Farmers from Tamil Nadu have been protesting in Delhi for weeks over drought relief.
- Farmers protesting at Jantar Mantar call off strike for 15 days
- Chief Minister had assured farmers their demands will be met
- Farmers have been protesting for six weeks over drought relief
Farmers from Tamil Nadu have called off their strike in Delhi for a month over a drought relief package after an assurance by Chief Minister E Palaniswami today. Mr Palaniswami had met the farmers who have been protesting at Delhi's Jantar Mantar for the last six weeks.

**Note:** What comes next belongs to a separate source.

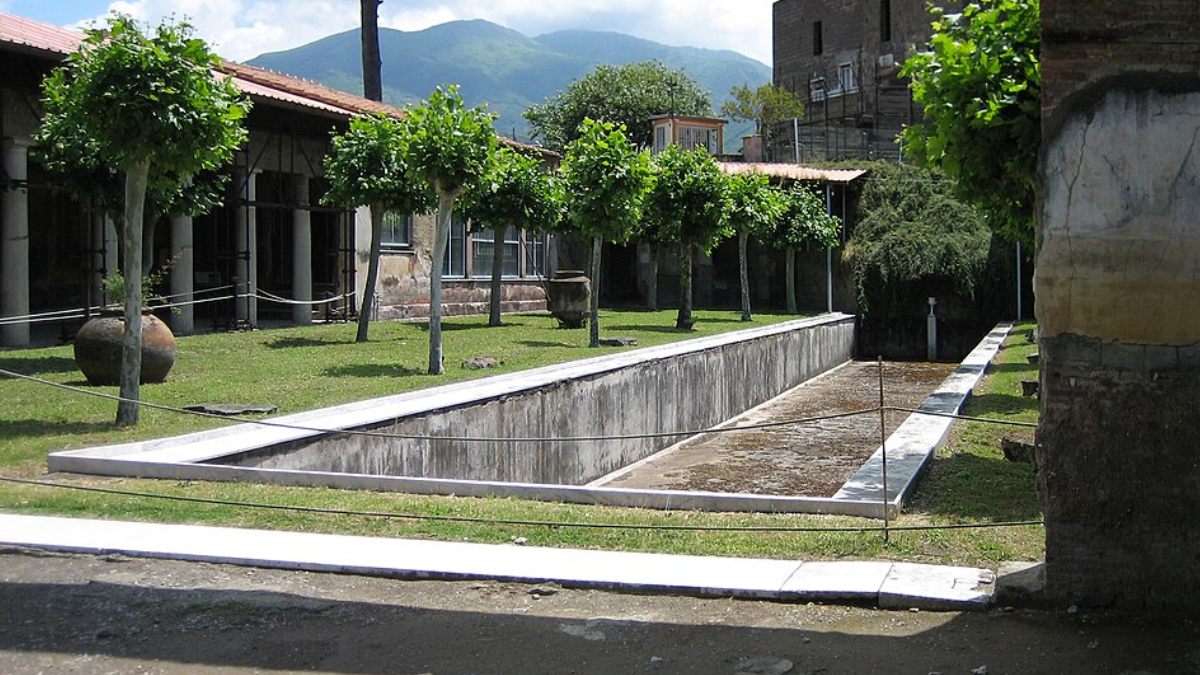 Ainda na região do Vesúvio, a Villa San Marco preserva um conjunto que ajuda a visualizar o lado mais confortável das residências romanas, incluindo peristilo, áreas decoradas e uma grande piscina (Foto: AlMare / Wikimedia Commons)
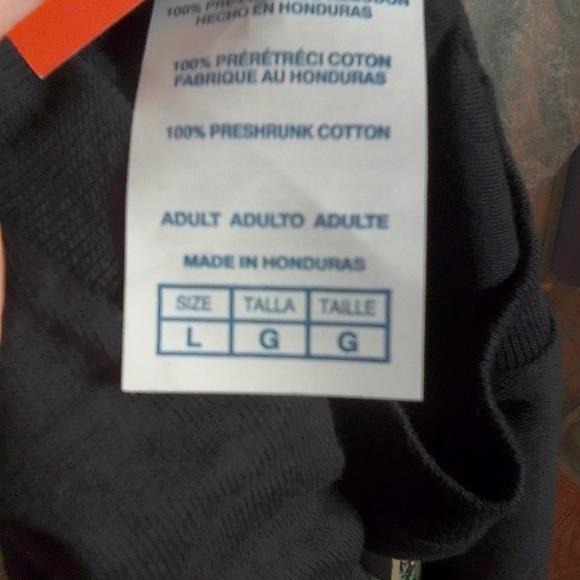 NWT Mens, Black, Real Tree, green camo logo graphic tee. Size L - Picture 2 of 4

The chief minister assured the farmers that their demands will be met and urged them to call off their protest.
The move came after Mr Palaniswami met Prime Minister Narendra Modi today and highlighted the farmers' issue. He had also discussed the issue with Finance Minister Arun Jaitley and Home Minister Rajnath Singh. The farmers' union said if their demands are not met by May 25, they will resume their strike.
Mr Palaniswami, who arrived in the national capital yesterday, attended the NITI Aayog meeting along with chief ministers of other states.

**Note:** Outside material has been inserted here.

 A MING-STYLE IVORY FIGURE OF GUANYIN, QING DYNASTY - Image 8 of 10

The protesting farmers have been demanding a Rs 40,000-crore drought relief package, farm loan waiver and setting up of the Cauvery Management Board by the centre. Over the last 39 days, they have shaved their heads, halved their moustaches, held mice and snakes in their mouths, conducted mock funerals, flogged themselves and even carried skulls of other farmers who had committed suicide due to debt pressure.
Earlier this month, dozens of protesters blocked all six lanes of Chennai's arterial Kathipaara flyover by tying an iron chain to the poles on either side to express solidarity with the farmers protesting in Delhi.

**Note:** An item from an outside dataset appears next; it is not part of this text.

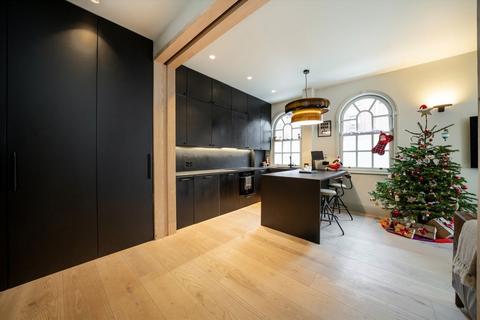 undefined, Amwell Street, London EC1R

The Madras High Court, too, had directed state government to expand its farm loan waiver scheme to include farmers who own land over five acres. However, there is no relief for those who have borrowed from nationalised banks. The state had sought Rs. 40,000 crore from the centre, which sanctioned only Rs. 4,000 crore.
With 60 per cent deficit in rainfall, Tamil Nadu witnessed its worst drought in 140 years.